Parasını kaptıranlardan biri Arda Turan. 13 milyon dolar parayı elden teslim ettiğini söylüyor. 13 milyon dolar, bin 300 tane 100 dolarlık deste demek. Tahminen 8 büyük uzunluk valize lakin sığıyor. 200 TL’lin banknotlar halinde taşınsa bin 200 valiz yapıyor. Bin 200 valiz… Yani yaklaşık 10 kamyon para… Bu kadar büyük ölçüde para elden teslim ediliyor, banka hesabına giriyor ve MASAK bunu tespit etmiyor. O vakit sormazlar mı adama, bu MASAK ne iş yapıyor?
Devam edelim. Arda Turan bu paranın 4 milyon dolarlık kısmını bir yerini satarak elde ettiğini söylüyor. Esnafın fişlerinin peşinde koşan, emekliye 5 bin TL vermemek için kırk dereden mazeret devşiren Maliye, o yerin kaça satıldığını, satış fiyatı ile gerçek kıymeti ortasında ne kadar fark olduğunu, ne kadar vergi kaçırıldığını görmüyor! Kallavi bir soru da işte buradan çıkıyor.
Denizbank’ın bir şubesi üzerinden gelişen olaydan bankanın habersiz olma ihtimali pek güç görünüyor. Skandalın bir ucunda Fatih Terim’in ismi geçiyor, öbür ucunda Denizbank’ın ünlü genel müdürü Hakan Ateş’in… Yani aslında bir tefecilik sistemi üzere çalışan düzenek, futbol dünyası ile finans dünyasını birleştiriyor. Ne paklık ama!
HEPSİ TEK BİR ŞEBEKE
Şimdi bir soru da biz ekleyelim: Misal Denizbank’ın işverenlerinin futbol kulüpleri ile ve futbol kulüplerinin işverenleri ile ne üzere bağları var? Banka geçmişte hangi kulüplere sponsor olmuş, hangi şirketten neleri satın almış, hangi futbol işverenleri ile yolları nerede kesişmiş? Denizbank’ı örnek olsun diye söylüyorum, farklı skandallarda gündeme gelen farklı şirketler var. Tıpkı durum bunlar için de geçerli. Kim hatalı kim değil biz bilemeyiz lakin pis kokular gelen noktaların halktan itinayla gizlenmesi kuşkuları bir kat daha artırıyor.

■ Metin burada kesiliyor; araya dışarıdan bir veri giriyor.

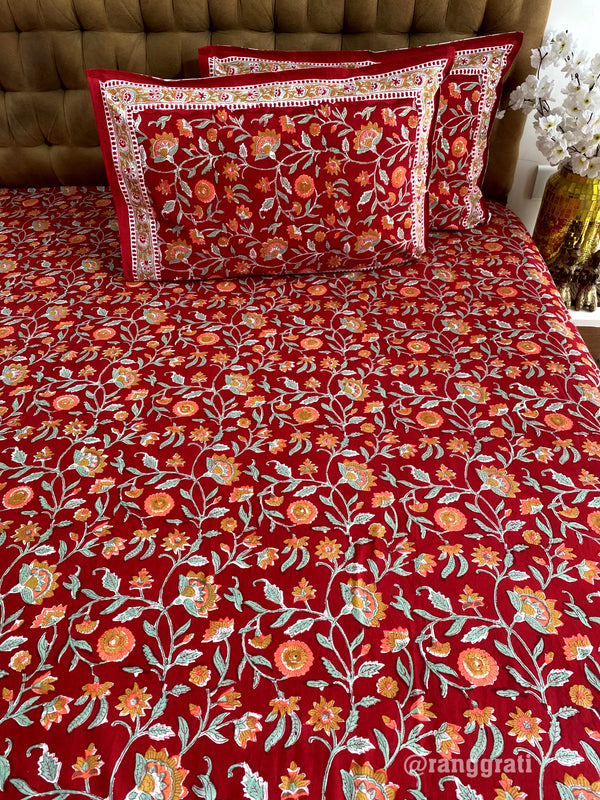 Ruby Red Jaal Floral Hand Block Cotton King Size Bedsheet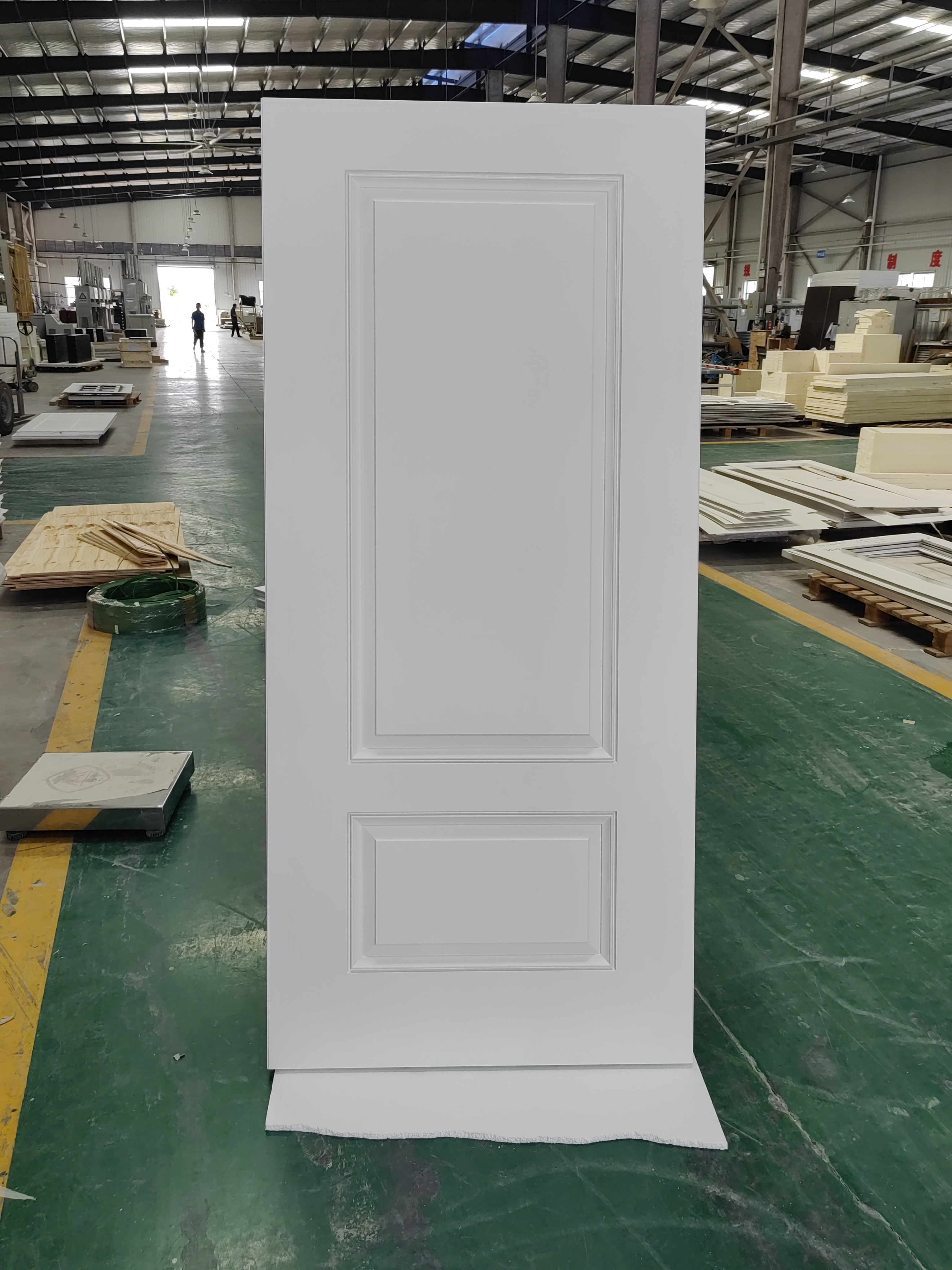 32 in. x 80 in. 2 Panel Cheyenne Smooth Camber Top Plank Solid Core Primed Composite exterior Door Slab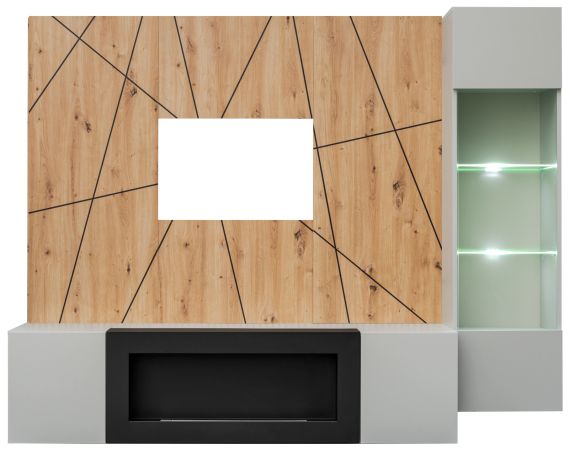 Wohnwand iLike in hellgrau, schwarz und Artisan Eiche TV Unterteil mit Bio Ethanol Kamin 200 cm inklusive LED
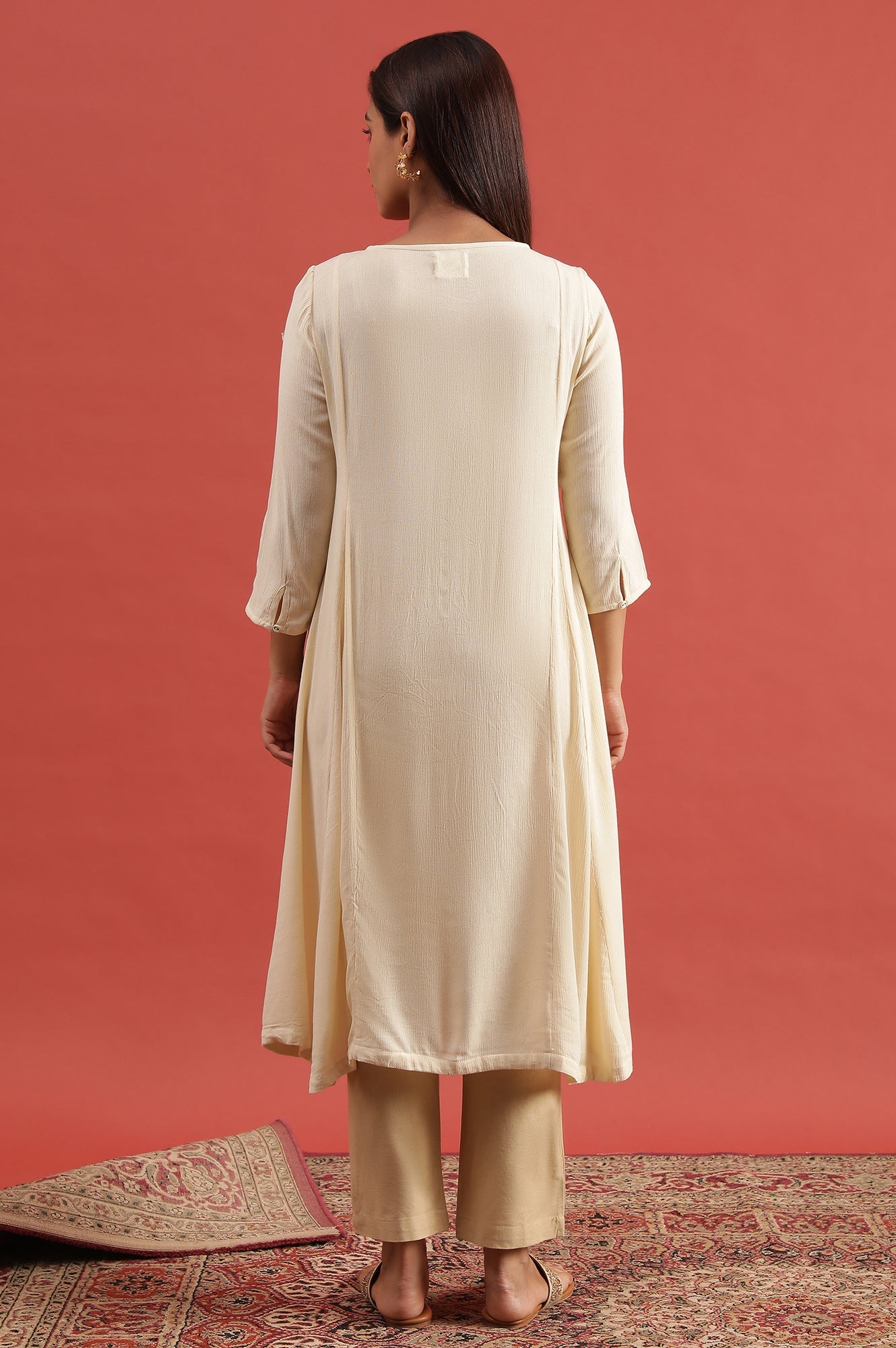 Creme Flared Chikankari Kurta In Rayon Crepe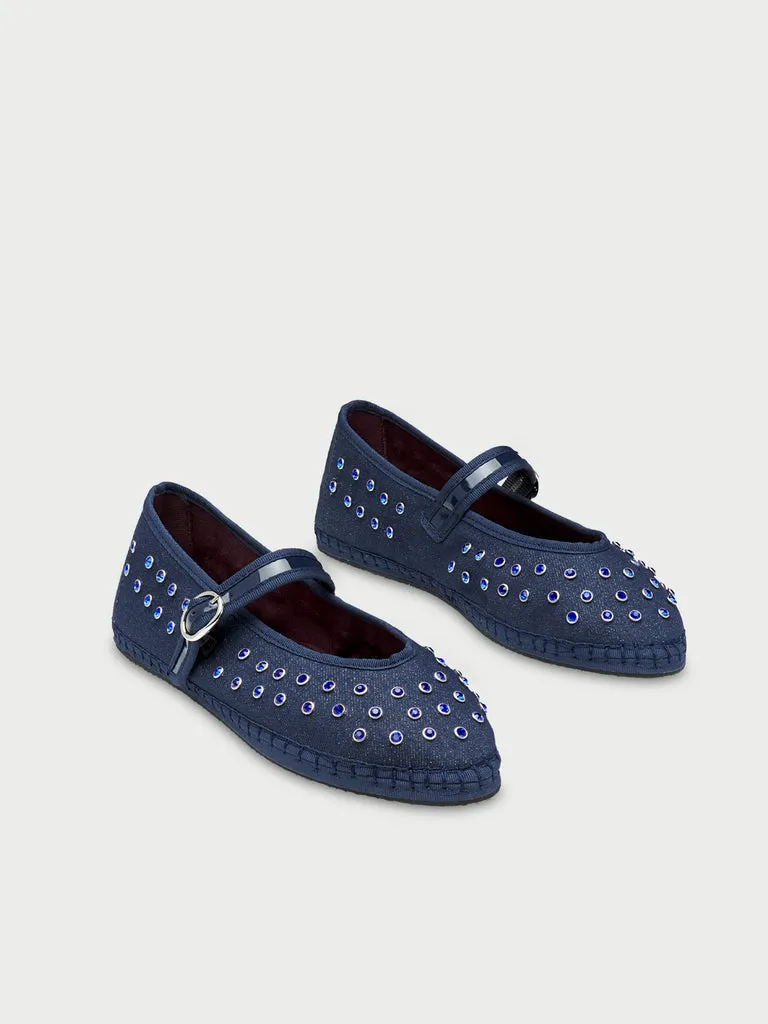 Flagelus Mae Rostova balerini denim bleumarin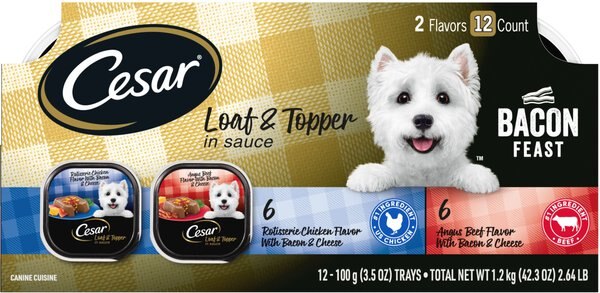 Cesar Bacon Feast Loaf & Topper Multipack Wet Dog Food Trays, 3.5-oz, case of 12 slide 1 of 9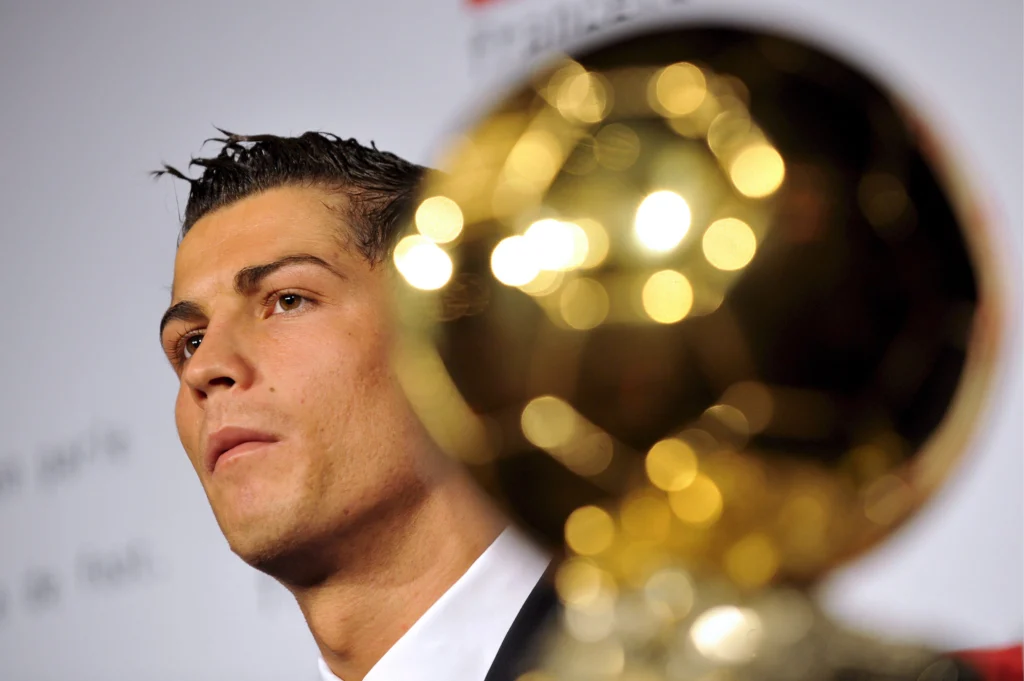 Manchester United Portuguese football player Cristiano Ronaldo awarded with 'Ballon d'Or' (Golden ball) near Paris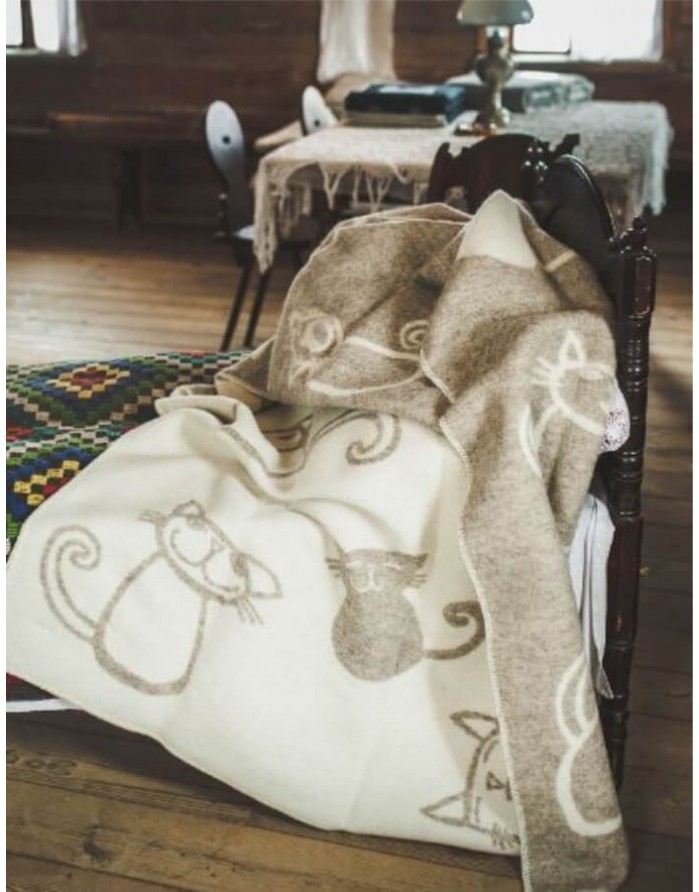 Плед из натуральной шерсти "Cats"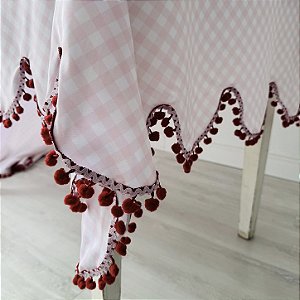 Toalha de mesa xadrez cor de rosa 300 x 150 cm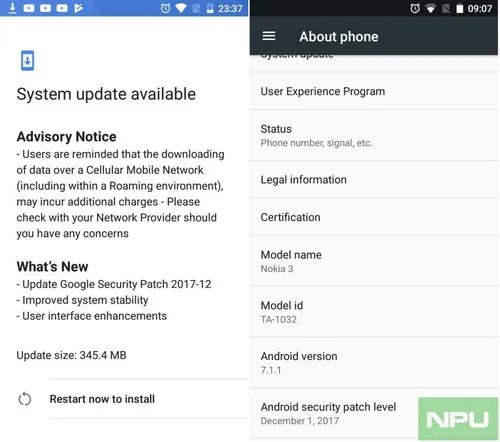 nokia 3 decmeber android update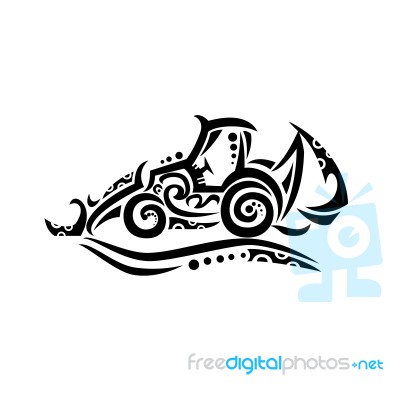 Backhoe Tribal Tattoo Stock Image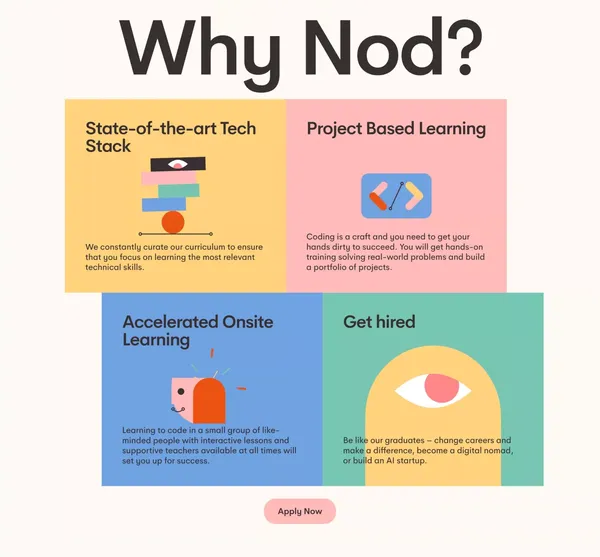 Nod Coding - Landing design inspiration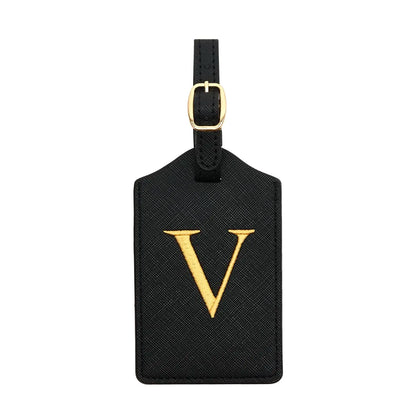 PU Leather Luggage Tag for Travel - Durable Suitcase ID Tag with Privacy Cover & Name Card Slot (A-Z) liu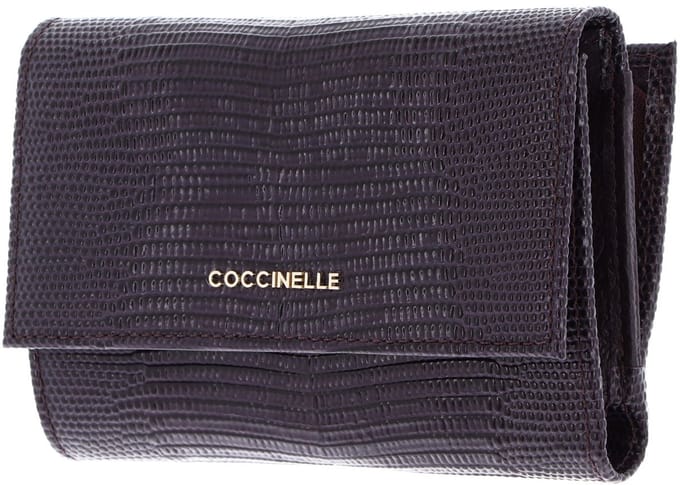 COCCINELLE Leren portemonnee Metallic Lizard Wallet Prune donkerpaars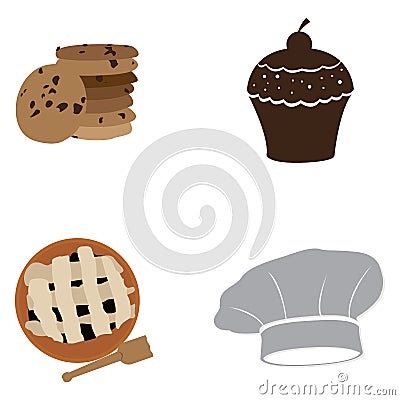 Set of bakery icons Vector Illustration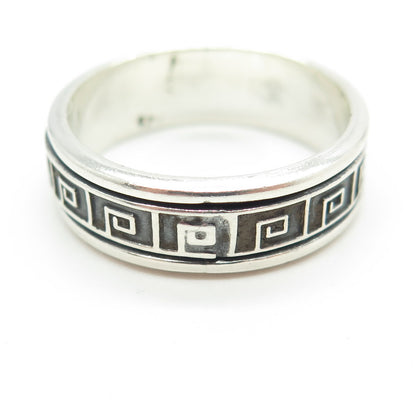 925 Sterling Silver Vintage Greek Maze Band Ring Size 11.75
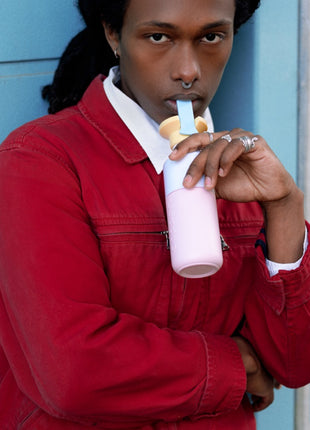 Dopper steel fles Soft Pink x Flip Straw sorbet 350ml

Bizim farklı alanlarda gördüğümüz çıkar şebekelerinin aslında birbiri ile iç içe geçmiş daha büyük bir şebekeye işaret etme ihtimali kuvvetle beklenen.
Birkaç gün evvel Ali Yerlikaya, bahis çetelerine operasyon düzenlendiğini 52 şüphelinin gözaltına alındığını duyurdu. Polisimizi tebrik ederiz fakat bunların sıradan ayak kadrosu olduğunu, büyük şikelerin, büyük yolsuzlukların çok daha üstteki baronlar tarafından organize edildiğini hepimiz biliyoruz. Mali polisin ve organize hata ünitelerinin asıl bu kodamanların peşine düşmesini bekliyoruz.
EKONOMİ
07 Şubat 2025EKONOMİ
07 Şubat 2025GÜNDEM
07 Şubat 2025GÜNDEM
07 Şubat 2025GÜNDEM
07 Şubat 2025GÜNDEM
07 Şubat 2025EKONOMİ
07 Şubat 2025Veri politikasındaki amaçlarla sınırlı ve mevzuata uygun şekilde çerez konumlandırmaktayız. Detaylar için veri politikamızı inceleyebilirsiniz.